A forked vein split her father’s forehead. He laughed that hard. Leslie rubbed his shoulder to calm him down. He mopped his hairline with his sleeve. “You’re a riot, girlie. Don’t you ever change.”

Leslie knew he didn’t mean that—he’d always said she had room to grow. At seventeen, she’d worn a size nine shoe, but he’d insisted she get a ten. “You’ll grow into it,” he said. She’d worn tens ever since. Nineteen years on unsure footing. And when her father asked about her crooked walk, she blamed her limp on her job. Leslie spent entire days on her feet, assembly line work at a meat packing plant that she called, with all due affection, The Chop Shop. Whenever anyone asked what she did, Leslie said, “I make prepackaged food.”

On the day her father lost his first toe, Leslie was there when he came out of surgery. Card in hard, she sat by his bedside, waiting for him to wake up. The card’s cartoon bear encouraged him to “grin and…endure.”

Closing the card, her father said, “Never quite what I expect.”

Leslie gave him a pat smile and reached for the edge of his hand. Her fingers smelled of chemically treated gloves. The odor of the plant always followed her.

“How was work?” he said.

“Pigs and calves this morning. Lambs in the afternoon.” She remembered how adamantly dead their bodies looked, how gray and eventually bloodless. She made a loose fist. “Sometimes—I think they know.”

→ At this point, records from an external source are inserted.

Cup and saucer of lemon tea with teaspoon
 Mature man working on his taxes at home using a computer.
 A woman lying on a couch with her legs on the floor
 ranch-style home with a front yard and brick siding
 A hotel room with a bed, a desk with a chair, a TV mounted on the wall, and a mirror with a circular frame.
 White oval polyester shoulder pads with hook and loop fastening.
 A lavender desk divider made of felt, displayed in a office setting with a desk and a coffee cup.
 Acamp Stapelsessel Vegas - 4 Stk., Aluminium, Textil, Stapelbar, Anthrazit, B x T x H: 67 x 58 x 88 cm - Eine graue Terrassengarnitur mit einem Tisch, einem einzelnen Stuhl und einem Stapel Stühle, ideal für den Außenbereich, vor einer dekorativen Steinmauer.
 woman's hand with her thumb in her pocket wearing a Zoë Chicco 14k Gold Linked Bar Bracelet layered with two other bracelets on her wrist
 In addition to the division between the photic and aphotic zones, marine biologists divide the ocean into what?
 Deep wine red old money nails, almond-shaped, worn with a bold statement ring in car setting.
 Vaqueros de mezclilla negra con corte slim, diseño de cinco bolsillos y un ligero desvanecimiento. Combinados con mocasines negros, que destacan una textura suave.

Her father shrugged. “They might. But they taste better than we do, so.”

“You speaking from experience?”

“Well, they say they’re giving me meat in here, but it smells like some of the older patients.” He lifted his arm to his mouth and mimed biting it. “In here, they call us beef.”

Leslie stirred in her seat. Lately, the idea of eating beef sent wild knots spinning through her stomach. Cow tasted like oversalted cornmeal. Veal looked like deflated infant lungs. She knew she was done with it. Giving it up would be easy. As easy as lopping off a toe.